The debate on auto-enrolling nannies into workplace pensions is being called #Nannygate. The FT have quoted Anne-Marie O’Leary of Netmum as saying nannies and their bosses are in “a state of near panic” at the prospect of enrolling
Nannygate has even drawn a letter to the Times from Ros Altmann, the new pension Minister, making it clear the lady’s not for turning. Nannies are going to get no special pleading.
So what’s all the fuss about?
Firstly, the challenge from Netmum is likely the first of many. The Pension Minister’s clearly wanting to be tough from the start.
Secondly, the particular circumstances of nannying as an employment highlight the predicament for employees who move through a variety of jobs.
Pot follows – nanny?
Nannies tend to change jobs once every five years and typically look after children from up to 10 families in a career.
From now on, nannies will become eligible for contributions to workplace pensions set up by their bosses – the parents. So nannies can expect to build up 10 pots.

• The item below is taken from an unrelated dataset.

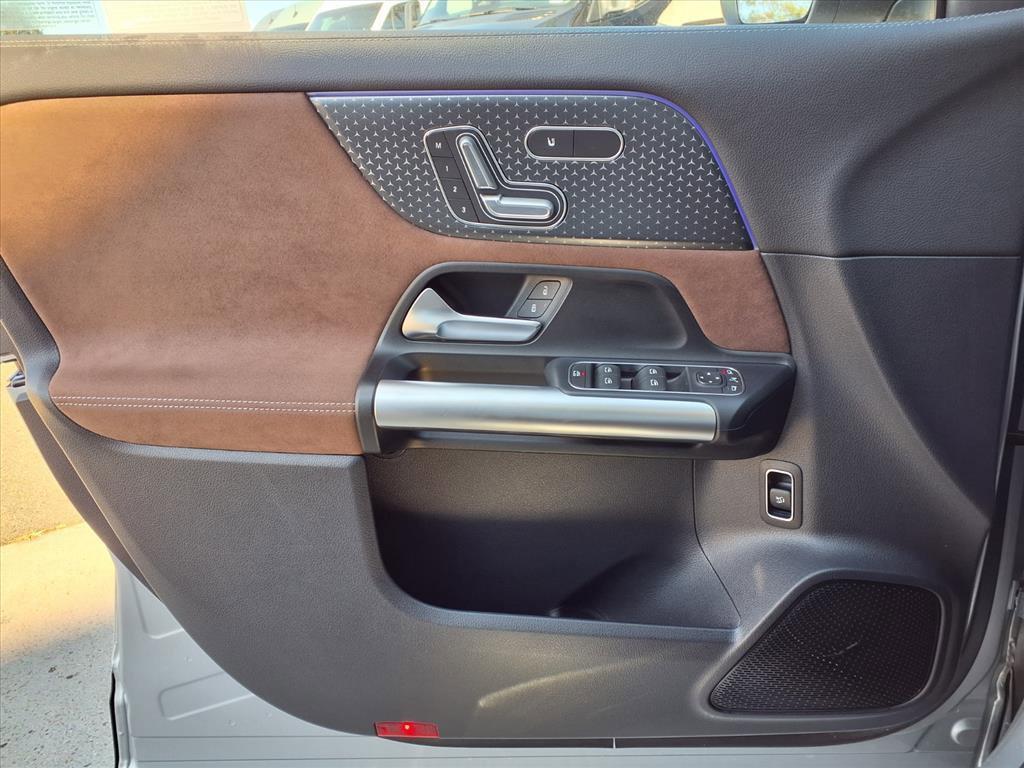 used 2025 Mercedes-Benz GLA 250 car, priced at $37,987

Expensive and clumsy to manage, we are facing an explosion in the number of pension pots in the UK.
Some pension experts see this as an opportunity to test the Government’s resolve to introduce “pot follows member”.
If the DWP’s after getting pots to follow members – why not start with nannies who are, by the nature of their work, job-hoppers.
Why not encourage the nanny to ask the new boss to set up your old pension as their workplace scheme?
The Payroll lottery?
Sadly, it’s not as simple as that. You may be in NEST with boss #1, but boss #2 may be powerless to help you. Payroll #2 may refuse to interact with NEST.
If you talk to payroll (and we do) you’ll find that each payroll software provider and each user of that software have sweet and sour relations with pension providers and there are payrolls who refuse to support payments to certain providers.
This state of affairs is made worse when a payroll software provider or bureau strikes a deal with one provider to be its default.
So whether you can get your new employer to support your existing workplace pension may come down to what payroll support they are getting.
Choosing a pension could become a payroll lottery.
The wizards of Oz.
In Australia your pension follows you around and that works because of hubs like Super choice which take contributions from an employer and clear them to a variety of “Super schemes”.
We had the chance to replicate this at before auto-enrolment started but the idea never got off the ground. It’s a shame it didn’t but we have to work with what we’ve got.
What about PAPDIS?
It should be possible for our payrolls to use a common interface with all providers. This exists and is known as PAPDIS.
But for PAPDIS to work, there needs to be a way of mapping the data on the PAPDIS file into the provider’s record keeping systems so that the right money goes to the right nanny account at the right time. Work is underway to make this happen, this is the plumbing being done by Pension Sync and others so that PAPDIS can be adopted by all providers.
But this is not the end of the problem
Many parents will employ first time nannies – nannies without a pension or a clue what pension they want. Nannies needn’t worry, under auto-enrolment it is the boss who needs to choose. But what if the boss has no more of a clue than the nanny?
Bosses will need a way to choose a pension which is right for their nanny, for them and for their payroll. That’s not as easy as just listening to what payroll wants.
Nannies have every right to have a pension scheme chosen for their benefit – after all it’s their retirement! Employers will not want to get caught up in conversations between moaning payrolls and moaning nannies, they need guidance on what works for everyone.
The technology to help make these informed choices is not widely available yet – it needs to be easy to access and at minimal cost to such employers.
There may be three lessons for us here.
- Without improved technology employers will not get choice of workplace pensions.
- If there is no improvement in technology then pensions won’t follow members.
- Without informed choice, the suitability of the pension is a payroll lottery.